J’ai enfin lu le dernier Despentes. Ce récit épistolaire m’a rappelé en tout premier lieu à quel point j’étais attachée à 1 ou 2 chers connards dans le genre d’Oscar. Et ça fait un peu de bien de se sentir adoubée par Virginie Despentes herself d’avoir de telles amitiés auxquelles on tient – on y tient parce qu’on a de l’espoir dans ce que l’évolution sociétale peut amener de positif dans les comportements/paroles/prises de position de ces chers formatés, qu’on aime parce qu’ils sont subtils, intelligents, drôles et sensibles malgré leur sexisme à la con, et ce roman nous donne cet espoir-là. Pour ma part, point d’autre épiphanie dans ce récit que j’ai trouvé très apaisé en regard de son King Kong Théorie (que j’avais adoré), et je ne suis pas certaine d’y avoir trouvé ce dont j’ai besoin en ce moment. Je me suis attachée aux personnages, d’une humanité mordante et attendrissante, j’ai aimé l’intention et le désir de recentrer bien de sales débats sur cette complexe humanité qui nous constitue, et que nous ne devrions jamais oublier chez l’autre. Il y a quelques passages aussi fulgurants et jouissifs que dans King Kong Theorie, mais j’aurais aimé, je crois, entendre davantage la voix de l’autrice que celle de ses personnages. L’écran mis entre elle et eux m’a gênée, et pour moi, cela a ôté de la force à ce que je lisais de plus intéressant dans tout cela. Je crois que je suis juste en nostalgie totale de la jubilation ressentie en lisant l’essayiste, pas retrouvée chez la romancière. Cela reste néanmoins un roman postmetoo nécessaire, une façon directe et intelligemment réflexive de montrer ce qui se passe de violemment contemporain en ce moment, pour peu qu’on vive dans son temps.
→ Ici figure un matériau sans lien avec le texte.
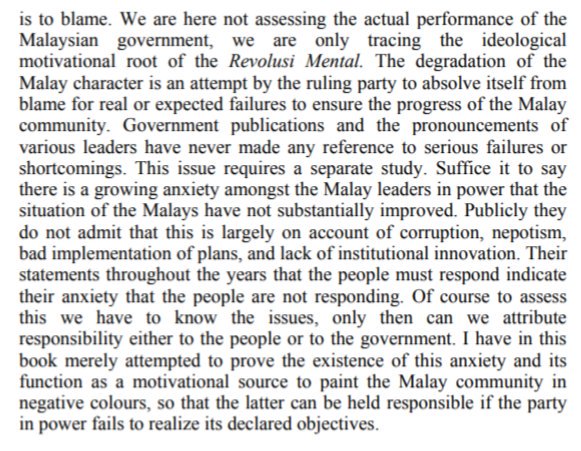 So it's ironic that the biggest detractors of the lazy native are also those mentality is most similar to the colonists. The myth can't die when people in power are still saying "you can't survive without us" or "your future is in jeopardy". Ponder over these last two screenshots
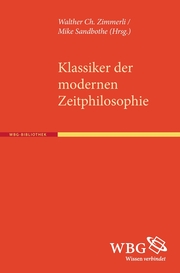 Klassiker der modernen Zeitphilosophie - Cover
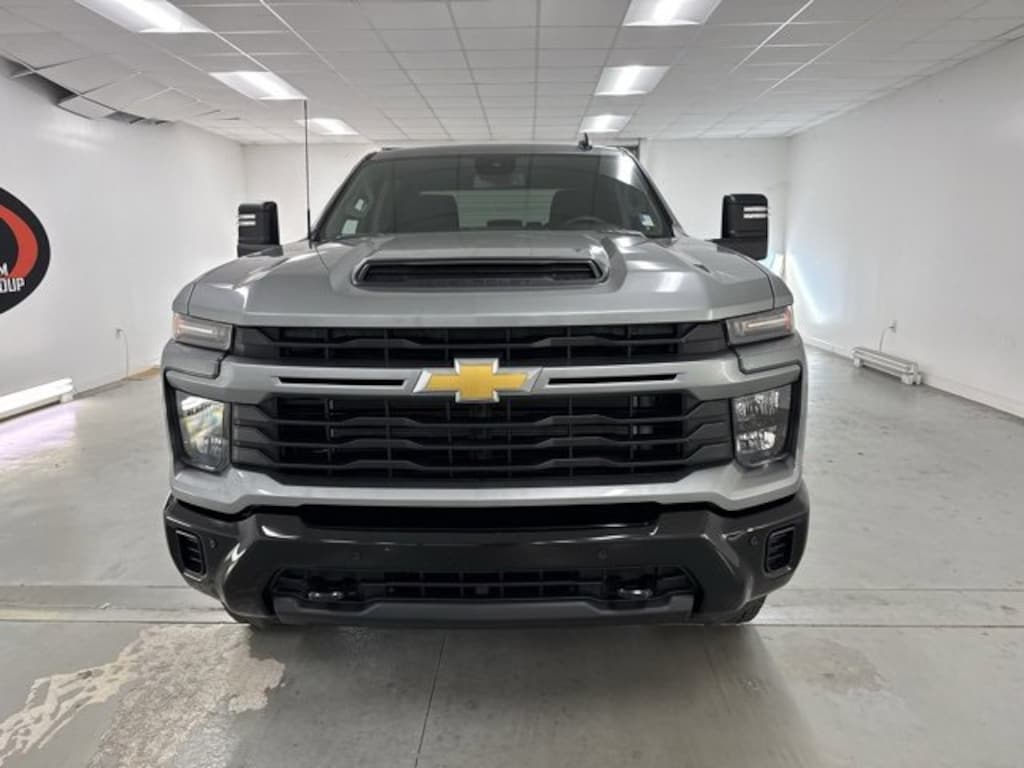 New 2026 Chevrolet Silverado 2500 HD Custom Truck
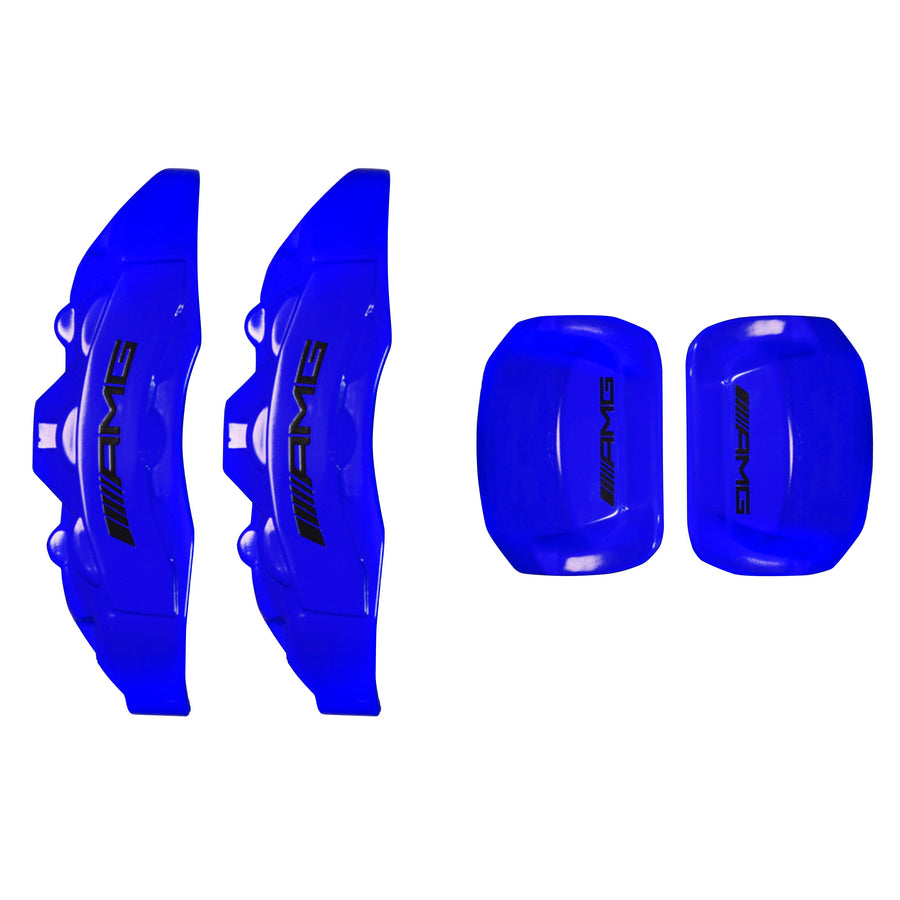 Brake Caliper Covers for Mercedes-Benz G63 2018-2024 – AMG Style in Blue Color – Set of 4 + Warranty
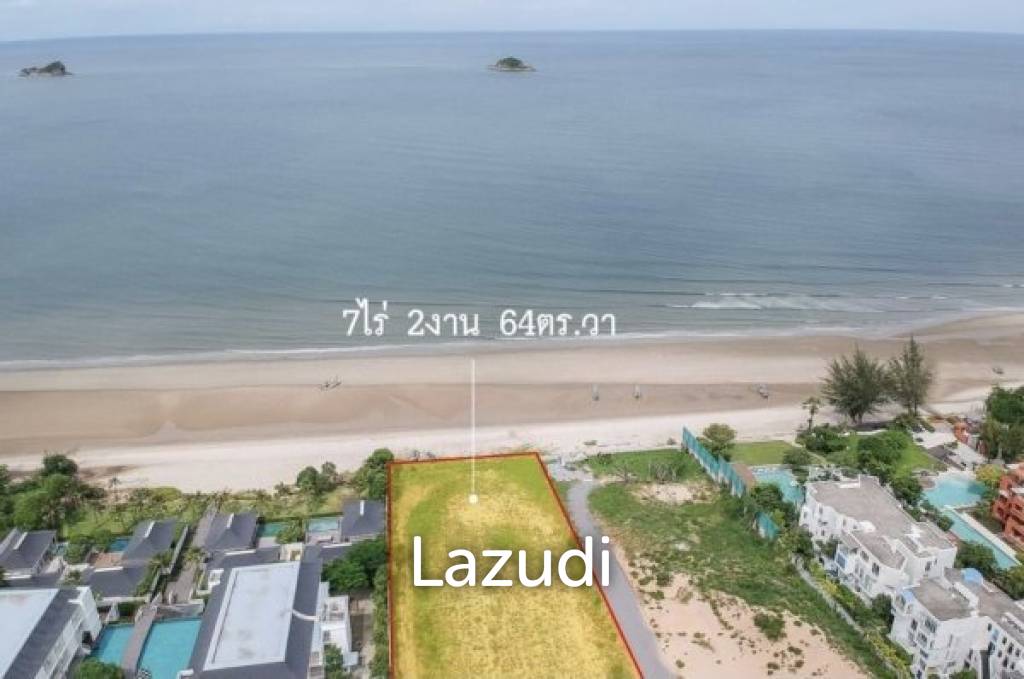 KAO TAO : Beachfront Land ideal for Hotel or Condo Development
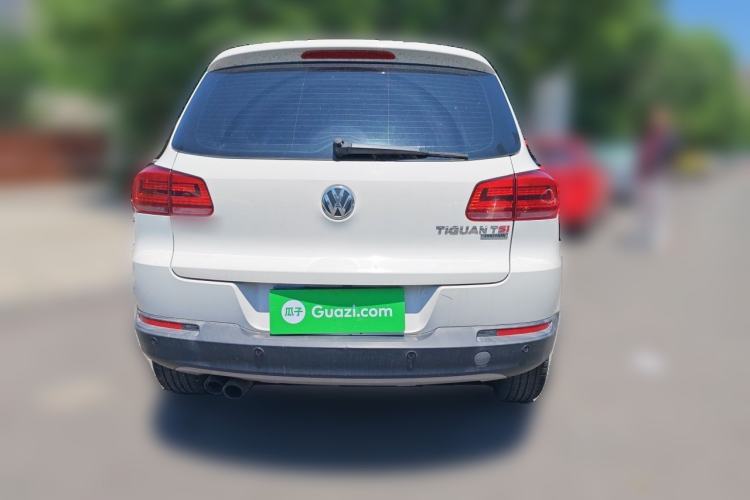 Used Volkswagen Tiguan 2013 1.8TSI Automatic Two-Wheel Drive Luxury Model Rear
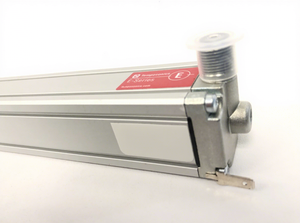 Capteur de déplacement linéaire Temposonics série E ERM0500MD341V03 – Contrôle en temps réel en boucle fermée du déplacement de la tige de piston - Product Image 2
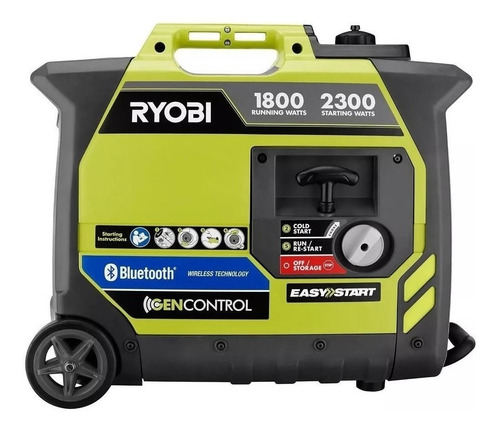 Generador portátil Ryobi RYI2300BTA con tecnología Inverter 120V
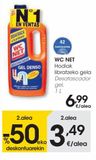 Oferta de WC NET Desatascador gel 1 L por 6,99€ en Eroski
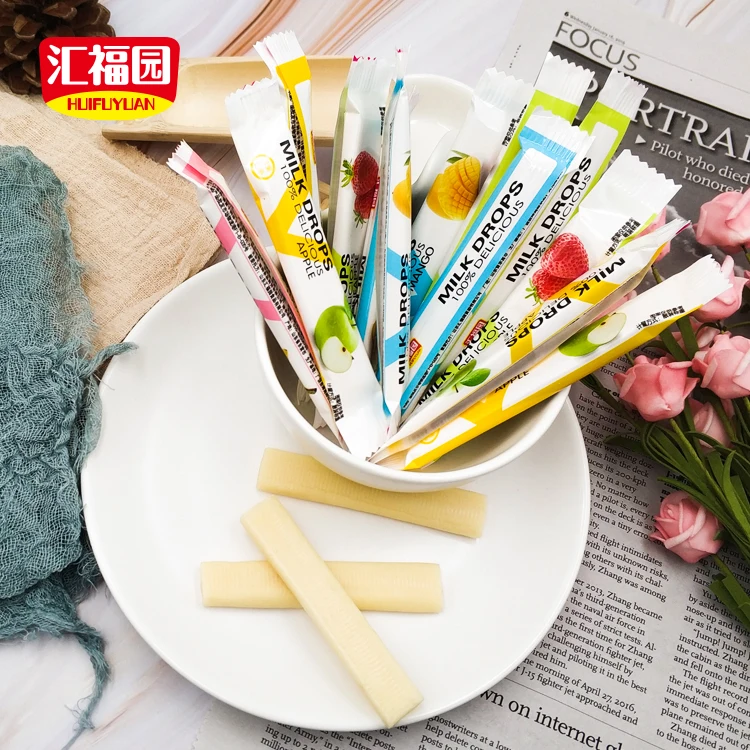 
Cheap price fruit flavor milk sweet toffee candy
Petite merveille que cette pentalogie : *Le poids des secrets* de Aki Shimazaki. Une amie me l’a offerte il y a déjà un moment et c’est étrange comme parfois on reporte certaines lectures sans raison autre qu’on est alors plus attirée par d’autres. C’est un post ici d’une de mes éditrices-amies qui a renversé mes priorités de lecture. J’aime suivre ces chemins imprévus de désir de lecture, surtout quand ils sont balisés sans bruit et sur la pointe des pieds par des amoureux ou amoureuses de la littérature, bien plus que lire forcément les romans dont-on-parle-en-ce-moment (même si je me suis offert 2 romans de la rentrée littéraire : l’incontournable Despentes mais aussi *Vers la violence* de Blandine Rinkel).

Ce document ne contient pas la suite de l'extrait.